2000' li yıllarda Rıfat Hisarcıkoğlu, parti başkanlığına zorlanıyor olmuyor.
Hisarcıklıoğlu'un yerine başkanlık için hazırlananlar var. İstanbul Ticaret Odası Başkanı Murat Yalçıntaş da başkan olursa, geleceğin siyasi liderlerinden birisi olmaya adaydır.

ERBAKAN'IN MARATONU
Saadet Partisi'nde yeniden Necmettin Erbakan dönemi.... 65'li yıllarda Odalar Birliği'nde başlayan maraton sürüyor. "Ömür biter, siyaset bitmez" özdeyişine örnek olacak bir gelişme bu.
Gümüş Motor Fabrikası'nın mali kriz sebebiyle kapanması olayının ardından Erbakan'ın yaşamında yeni bir dönem başlamıştı. 1966'da Odalar Birliği Genel Sekreteri oldu.
Odalar Birliği Genel Sekreterliği döneminde, mutlu bir azınlığın istismarlarını, bankalara tevdi edilen mevduatın yüzde 80'e yakın kısmının büyük şirketlere yüzde 20'sinin ise Anadolu tüccarına bırakıldığını ve memlekette kurulacak olan sanayi tesislerinin yüzde 80'inin kayırılan büyük şirketlere verildiğini gören Erbakan, bu dengesizliği ve haksızlığı düzeltmeye kalkınca, başta Başbakan Süleyman Demirel olmak üzere bazı rant çevreleri büyük bir rahatsızlık duymuşlardı.
Erbakan Anadolu tüccarının desteği ile Mayıs 1969 Genel Başkanlık seçimini kazandı.
Ama, Demirel, polis zoruyla Erbakan'ın görevine son verdi.
Erbakan, 14 Ekim 1969'da yapılan seçimde Konya'dan bağımsız milletvekili adayı oldu ve kazandı.

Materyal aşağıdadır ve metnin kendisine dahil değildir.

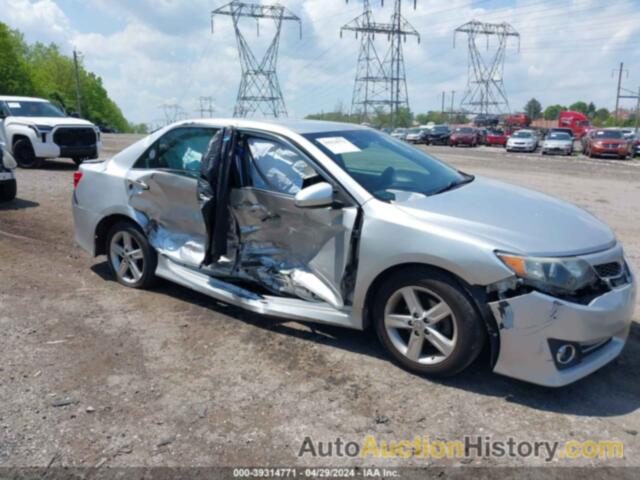 TOYOTA CAMRY SE, 4T1BF1FK5EU392507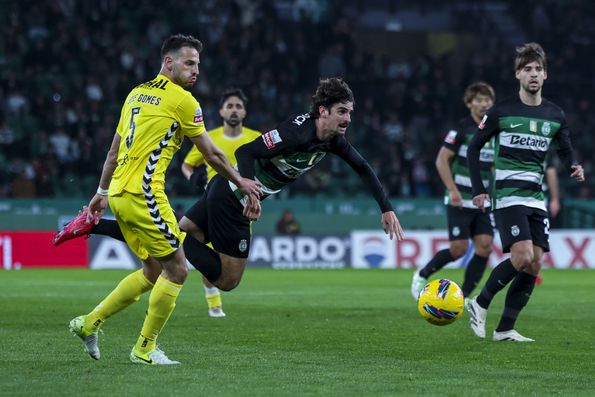 Trincão tenta surpreender de forma acrobática (Foto José Sena Goulão/LUSA)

ANADOLU-İSTANBUL SERMAYESİ
Anadolu sermayesi, bugün Türk siyasetini kontrol eden, geleceğine yön veren bir noktaya geldi.
Ekonomist, Sabah gazetesi yazarı Süleyman Yaşar, dikkat çeken bir analiz yapmıştı. "TÜSİAD Anadolu'nun gerisinde kaldı" demiş, devam etmişti: Anadolu sermayesiyle İstanbul sermayesi arasındaki temel farklılık Anadolu sermayesinin kendi kaynaklarıyla büyümesi ve demokrat olmasından ileri geliyor.
İstanbul sermayesi ise devlet rantlarıyla büyüdü. TÜSİAD, hiçbir dönemde darbeler ve muhtıralara karşı çıkamadı. Hatta darbecilerle ve muhtıracılarla işbirliği yaparak sadece bayi olarak kalmak istemeyen, üretime girişip İstanbul sermayesine rakip olan Anadolu sermayesini tasfiye etmeye de kalkıştı. Ama Anadolu'nun rekabete açık ve küresel pazarlara girmeyi başaran işadamlarını tasfiye edemedi. Kısacası İstanbul sermayesi, Anadolu sermayesini sadece kendisine bayilik yapan "aracılar" konumunda tutamadı.
Bundan sonra statükocu İstanbul sermayesi "rant kollamadan" nasıl para kazanacağının yollarını aramalı. Aksi takdirde doğal olarak sermaye el değiştirecek.

SEÇİMLERDE İTTİFAK SİNYALİ
2011 seçimlerine yönelik, iç siyaseti dizayn çalışmaları hızlandı.
Bir taraftan, siyaset mühendisleri diğer yandan siyasetin ancak Meclis içinde yapılacağını görenbilen bazı küçük siyasi parti liderlerinin arayışları, bu dizayn çalışmalarının esasını oluştuyor.
Türkiye Partisi Genel Başkanı Abdüllatif Şener, "Seçimlerde SP veya DP ile birleşecek misiniz?" sorusuna cevap verirken, derin kulisleri de aktarmış oldu. Şener, "Biliyorsunuz Türkiye'de birleşmeler sıkıntılı oluyor. Seçimlere merkez sağda oluşturulacak bir platformda girebiliriz. Şu anda görüşmelerimiz sürüyor. Seçime 8-10 ay gibi bir süre var'' yanıtını verdi.
İttifaka konu edilmek istenen partiler ve liderler, "SP-Necmettin Erbakan, DP (lider aranıyor), Türkiye Partisi -Abdüllatif Şener, Yurt Partisi-Sadettin Tantan, Büyük Birlik Partisi-Yalçın Topçu, Numan Kurtulmuş'un kuracağı parti"olarak gözleniyor.